Climate change-induced wildfires, floods, heatwaves and pest
outbreaks could wipe out up to €247 billion in standing timber
by 2100—double today’s €115 billion estimate—unless managers
completely re-examine decades-old forest practices, new research
in Nature warns.
The study “The Rising Cost of Disturbances for Forestry in
Europe under Climate Change,” led by Johannes S. Mohr at the
Technical University of Munich, finds that under a
high-emissions pathway (RCP8.5), Europe’s forestry industry
could see its gross value added collapse by as much as 15%.
“Central Europe emerges as a continental hotspot of disturbance
costs, with projected future losses of up to €19 885 per
hectare,” Mohr said, flagging that storms, bark-beetle outbreaks
and extreme weather will inflict the heaviest damage there. By
contrast, warming-driven growth spurts in Northern Europe’s
boreal forests may partly soften the financial blow.

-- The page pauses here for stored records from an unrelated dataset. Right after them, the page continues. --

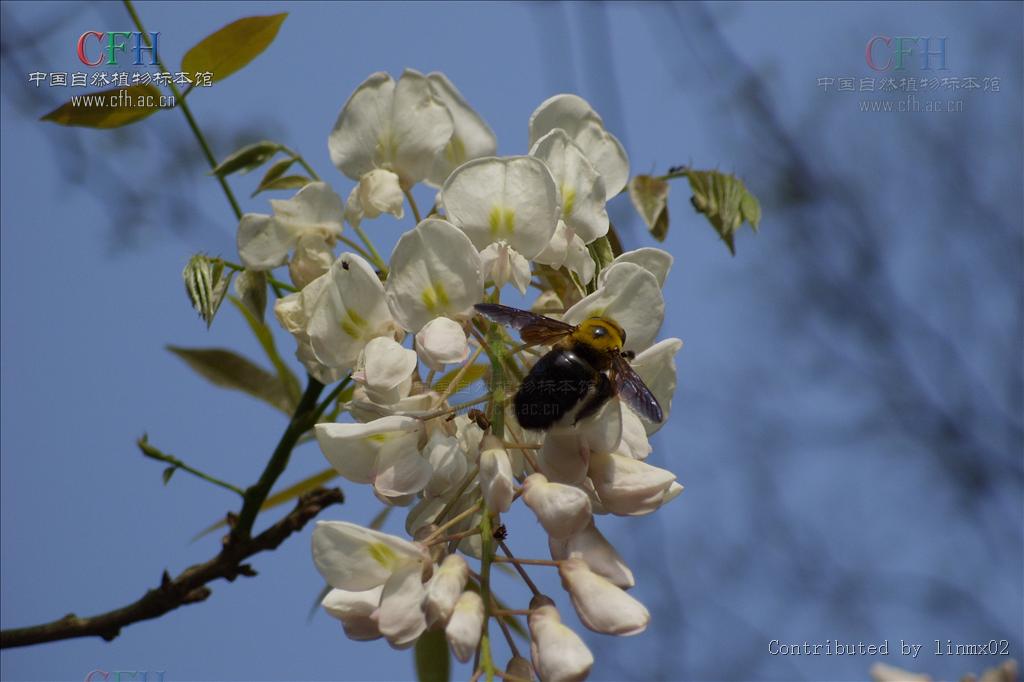 白花紫藤(变型)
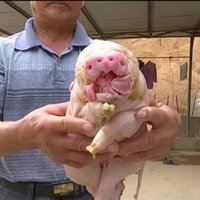 Ķīnā piedzimuši sivēni - Siāmas dvīņi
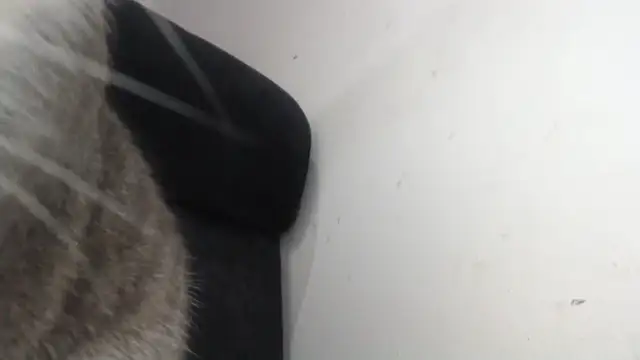 prettyangelsquirt online show from 8, 4, 2026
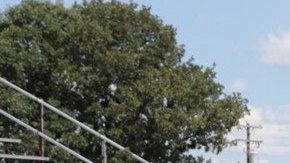 Chevrolet COPO Camaro 2022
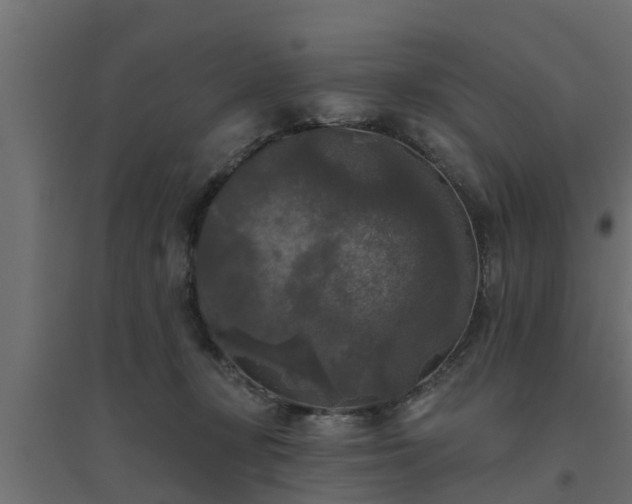 X0000094810367200711241451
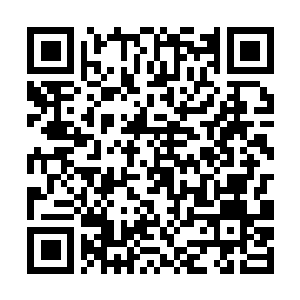 Lien vers votre campagne QRCode - Collecte de fonds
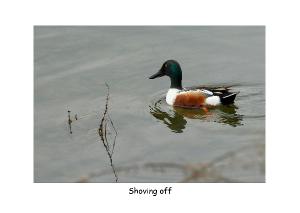 Northern Shoveler Card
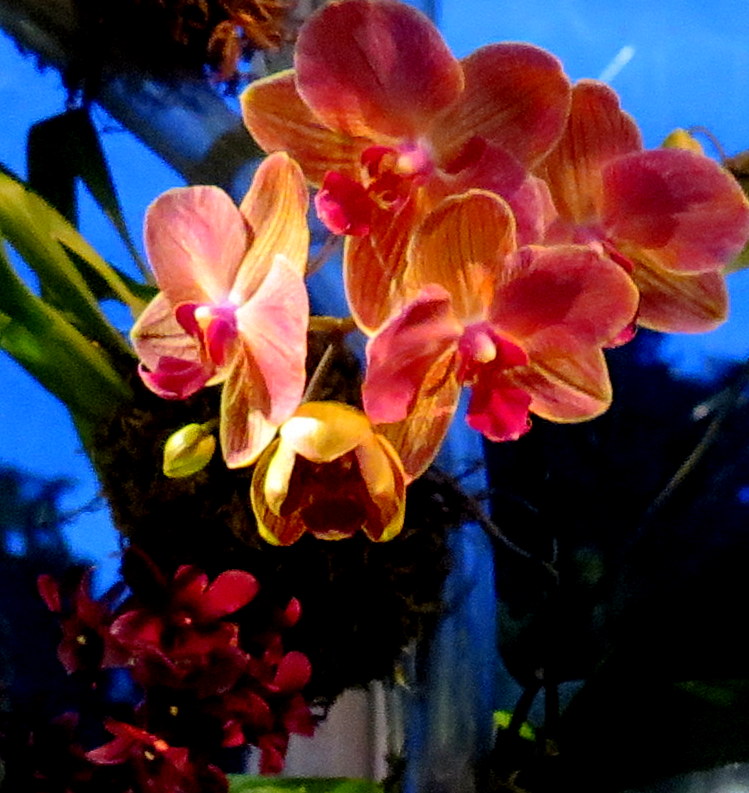 2018 NYBG Orchid Show, orchid evenings, Daniël Ost, Belgian floral artist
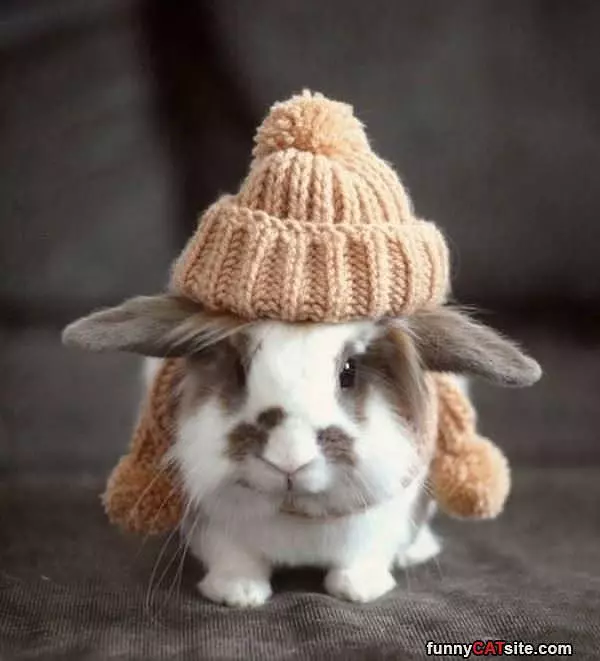 Bunny Hat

Over the past 20 years, disturbance rates have more than doubled
across the continent, triggering tree-mortality events unseen in
at least 170 years. Yet many forest plans still favour even-aged
conifer plantations—systems that maximise yield under stable
conditions but expose landowners to crippling losses when
disaster strikes. “Ignoring disturbance risk leaves
conventional, yield-driven strategies vulnerable to massive
financial and ecological losses,” the paper warns.
Southern Europe faces the bleakest outlook. Already home to the
continent’s lowest timber values, it stands to suffer further
declines as drought and wildfire threats escalate. The authors
stress that while productivity gains may cushion forests in
Northern and parts of Central Europe, they will not materialise
in the south.
To curb economic damage and build resilience, the study urges
three key silviculture reforms:
- Diversify species mixes so no single disturbance agent can
decimate large stands
- Shorten rotation lengths by as little as five years—field
trials show this can cut disturbance-related losses by 10–20%
- Establish mixed-species plantations that pair fast-growing
varieties with more resilient trees
However, the authors caution that these measures carry
trade-offs for carbon storage, biodiversity and habitat value,
and must be tailored to each region. Critically, only under a
low-warming scenario (RCP2.6), which limits end-century
temperature rise to about 1.5 °C, do productivity gains outweigh
escalating disturbance costs across all of Europe. “Mitigating
climate change can avoid substantial disturbance-related costs
in the forestry sector,” Mohr said, adding that in a
high-emissions future, severe losses—particularly in Central and
Southern Europe—are all but certain.